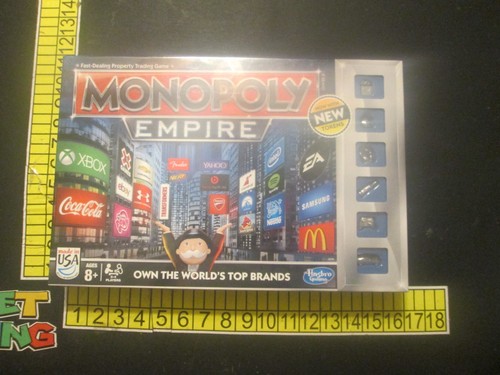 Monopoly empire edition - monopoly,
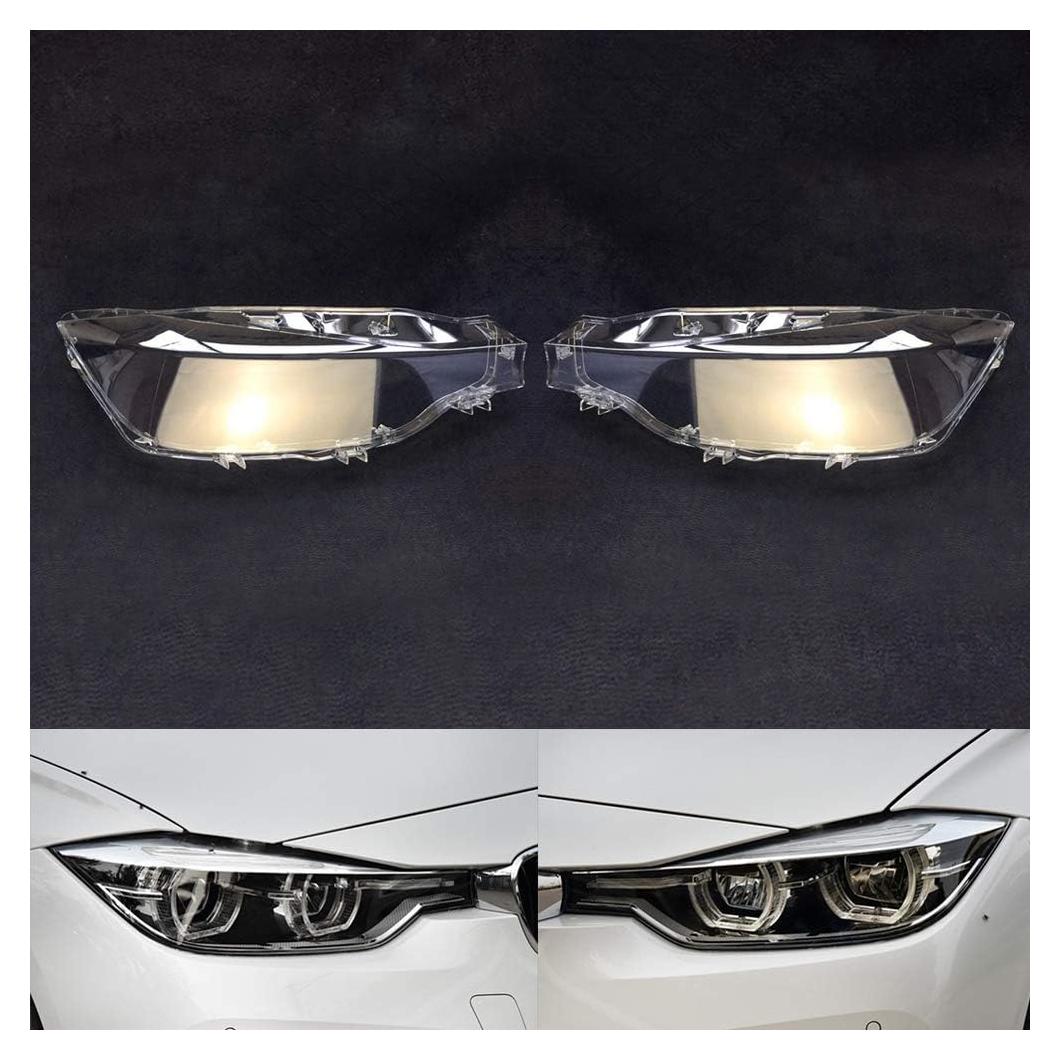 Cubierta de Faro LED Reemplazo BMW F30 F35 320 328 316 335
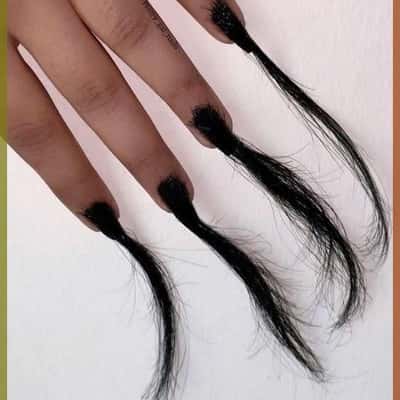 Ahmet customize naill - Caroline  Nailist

#### WHAT YOU ARE ASKED TO DO
Please reproduce verbatim the lines from the line with "Cubierta de Faro" through the final line of the listing, inclusive of both ends. Omit all pictures.

#### REPLY TO THE TASK
 Cubierta de Faro LED Reemplazo BMW F30 F35 320 328 316 335
 Ahmet customize naill - Caroline  Nailist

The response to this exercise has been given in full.